Your task: The records that follow are to be printed exactly, with no images.
^^^^^^^^
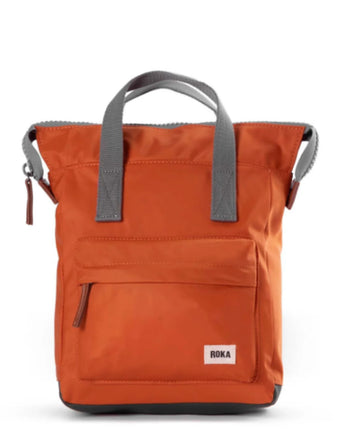 Roka London- Bantry B small Backpack- Burnt Orange Nylon
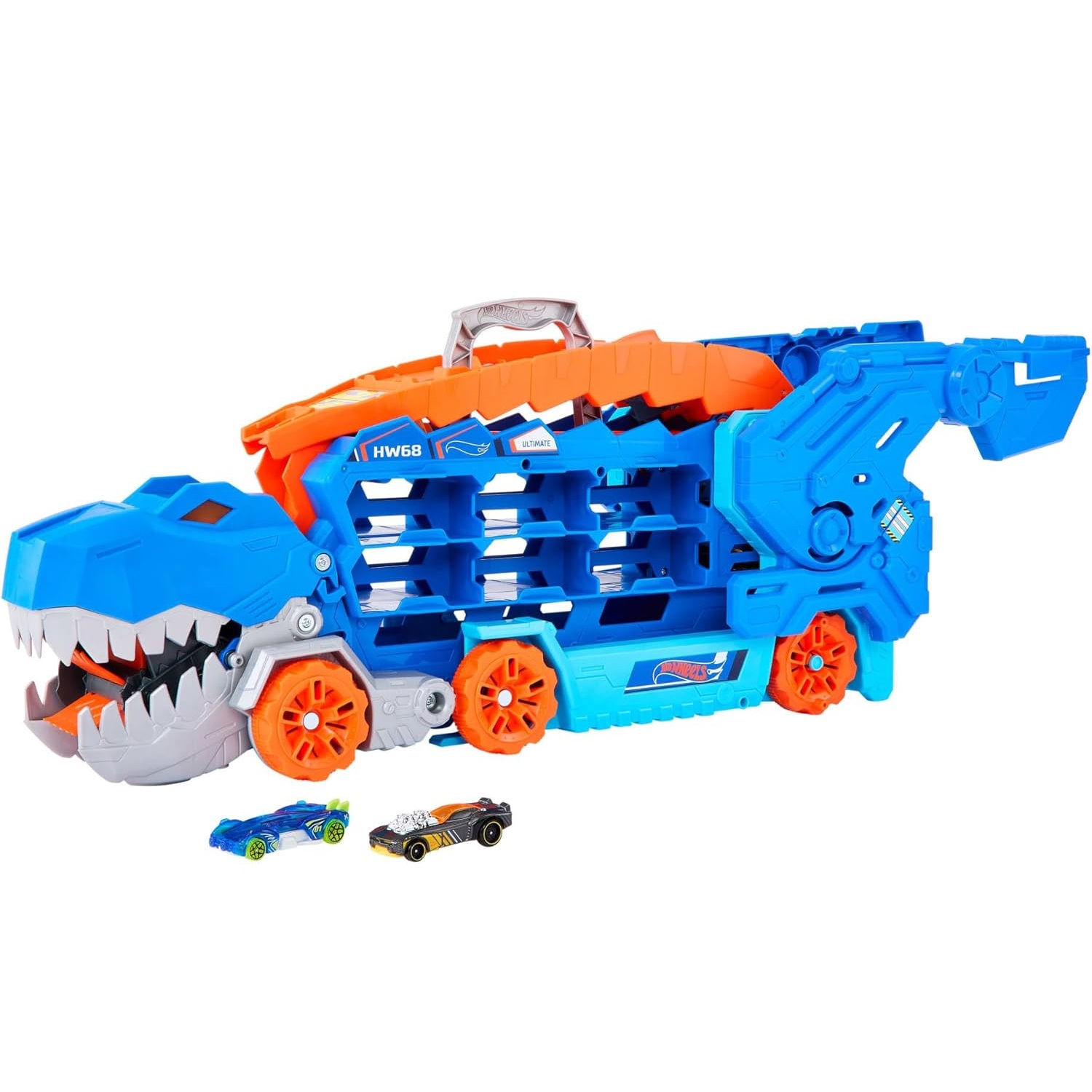 Pista Hot Wheels City Super Reboque de T-Rex Mattel - Cadê Meu Jogo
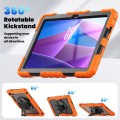 Pancerne Etui z Uchwytem i Paskiem do Lenovo Tab 10.1 2025 pomarańczowe
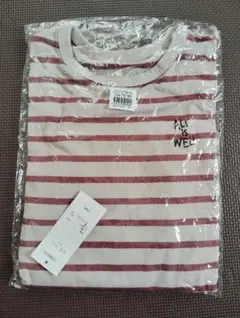 【新品未使用未開封】ベルメゾンボーダー長袖カットソー長袖Tシャツ140cm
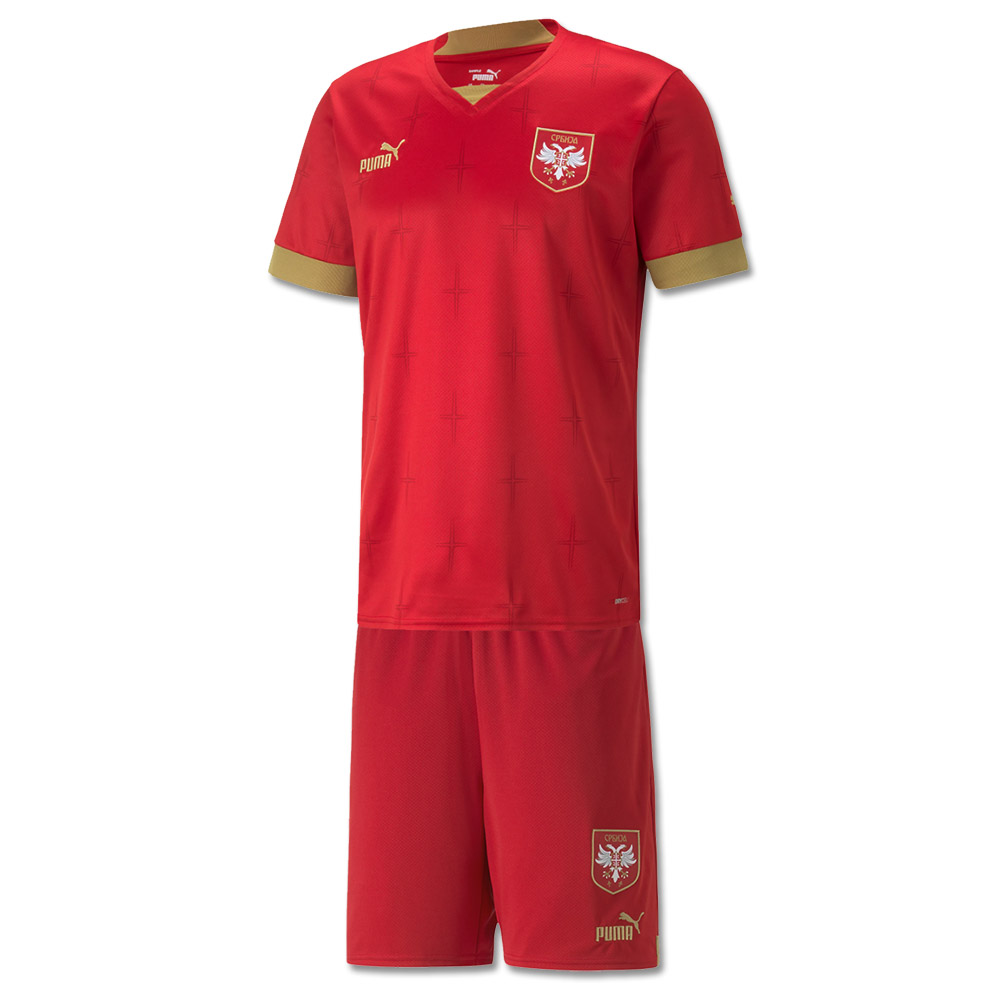 Komplet Puma crveni dres i šorc Srbije za SP u Kataru 2022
^^^^^^^^
Result below:
 Roka London- Bantry B small Backpack- Burnt Orange Nylon
 Pista Hot Wheels City Super Reboque de T-Rex Mattel - Cadê Meu Jogo
 Pancerne Etui z Uchwytem i Paskiem do Lenovo Tab 10.1 2025 pomarańczowe
 【新品未使用未開封】ベルメゾンボーダー長袖カットソー長袖Tシャツ140cm
 Komplet Puma crveni dres i šorc Srbije za SP u Kataru 2022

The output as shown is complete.